Bild: Wer tief bohren will, braucht anständiges Werkzeug: Erdbohrkopf
Hamburg taz | Seine fossile Vergangenheit könnte dem Bundesland
Niedersachsen den Weg in eine klimaneutrale Zukunft ebnen. Vorreiter dafür
ist die Gemeinde Munster in der Lüneburger Heide, die aus einem ehemaligen
Erdgas-Bohrloch Erdwärme fördern möchte. Darüber hinaus gibt es Pläne,
ehemalige Bergwerke zu diesem Zweck zu nutzen.
[1][Erdwärme – Geothermie –] hat gegenüber anderen erneuerbaren
Energiequellen den Vorzug, dass sie konstant verfügbar ist [2][]und nicht
mit Wind und Wetter schwankt.
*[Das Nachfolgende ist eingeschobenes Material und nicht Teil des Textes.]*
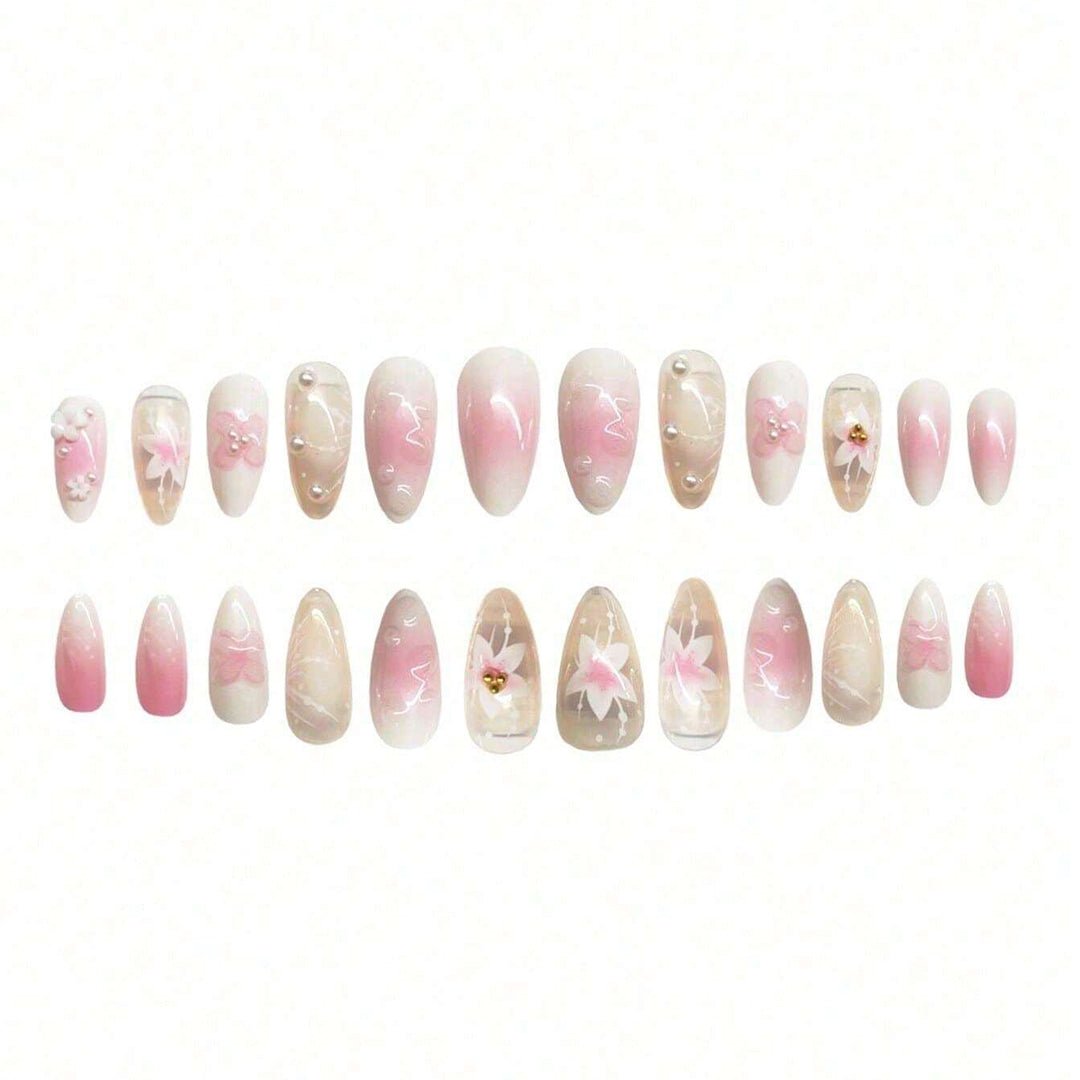 SHEIN Pink 3D Floral Faux Pearl Medium Almond Shape Press On Nails Press On Nails - XOXO cosmetics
Dafür ist ihre Erschließung technisch
aufwendig und riskant. Denn es ist unklar, ob eine Bohrung überhaupt fündig
wird und [3][in manchen Gegenden kommt das Risiko von Erdverwerfungen
hinzu].
Die Gemeinde Munster muss sich hierzu keine Gedanken machen. „Das Risiko,
nichts zu finden, ist weg“, sagt Jan Niemann, der Geschäftsführer der
Stadtwerke. Denn das 4.500 Meter tiefe Bohrloch gibt es ja schon und es
reicht in eine Schicht, in der sich seit Jahren 147 Grad heißes Wasser
findet. Dass sich hiermit Erdwärme erschließen lasse, sei zu mehr als 99
Prozent sicher, sagt Niemann. Die größte offene Frage sei, ob das Gestein
dort unten – sogenanntes Rotliegendes – grobporig genug sei, um eine
Förderrate von mindestens 30 Litern pro Sekunde zu ermöglichen.
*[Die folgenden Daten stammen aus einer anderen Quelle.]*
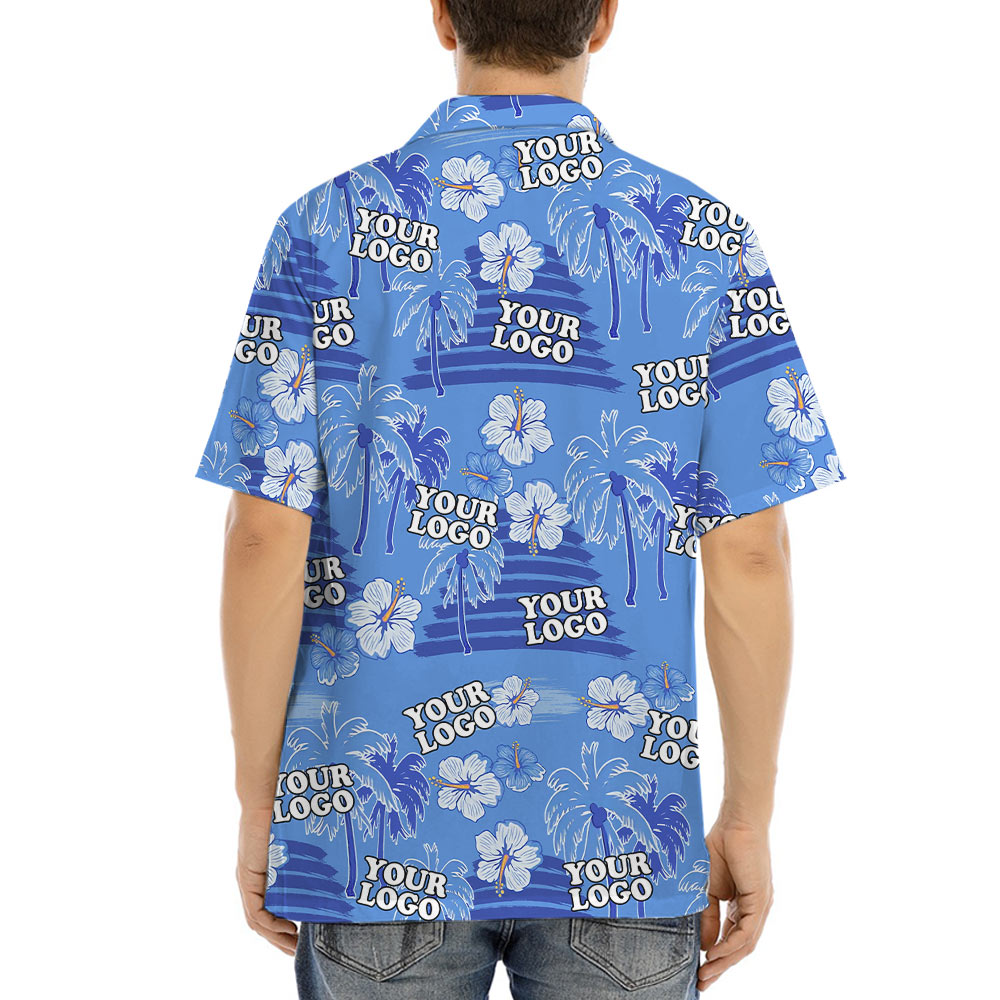 Custom Logo Tropical Blue Hawaiian Shirt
Sollte das der Fall sein, stünde der schönen neuen Energiezukunft in
Munster nichts mehr im Wege. Nicht nur zwölf Megawatt Wärme für Wohnungen
und Kasernen, sondern auch zwölf Megawatt Strom ließen sich hier
CO2-neutral gewinnen. Der Strom wäre das Sahnehäubchen auf dem Projekt,
denn meistens reichen die Bohrungen nicht so tief und können deshalb kein
Wasser fördern, das heiß genug wäre, um damit eine Stromturbine zu
betreiben.
## Nahezu unerschöpfliche Energiequelle
Um die Erdwärme fördern zu können, brauchen die Stadtwerke
Munster/Bispingen allerdings noch ein zweites viereinhalb Kilometer tiefes
Bohrloch, durch welches das abgekühlte Wasser von der Erdoberfläche in
einem geschlossenen Kreislauf wieder in die Tiefe gepumpt wird. Bevor das
gebohrt wird, soll aber noch ein umfangreicher Test gemacht werden. „Man
hat eigentlich alles“, sagt Stadtwerke-Geschäftsführer Niemann, „aber man
möchte eine letzte Gewissheit haben“.
Verständlich – schließlich schätzt Niemann die Investitionssumme auf 45
Millionen Euro. 7,1 Millionen davon gibt das Land Niedersachsen –
rückzahlbar, wenn das Projekt ein Erfolg wird. Mit dem Geld würden 90
Prozent des „Fündigkeitsrisikos“, also der Kosten für den finalen Test,
abgedeckt, sagt das Ministerium.
„Die Geothermie bietet uns die Möglichkeit, erneuerbare Wärme aus einer
umweltfreundlichen und nahezu unerschöpflichen Energiequelle zu gewinnen“,
sagt Meyer. Sein Ministerium habe deshalb die Voraussetzungen dafür
geschaffen, dass Geothermie aus dem Wirtschaftsförderfonds unterstützt
werden könne. Das Pilotprojekt in Munster stehe kurz vor der Förderzusage.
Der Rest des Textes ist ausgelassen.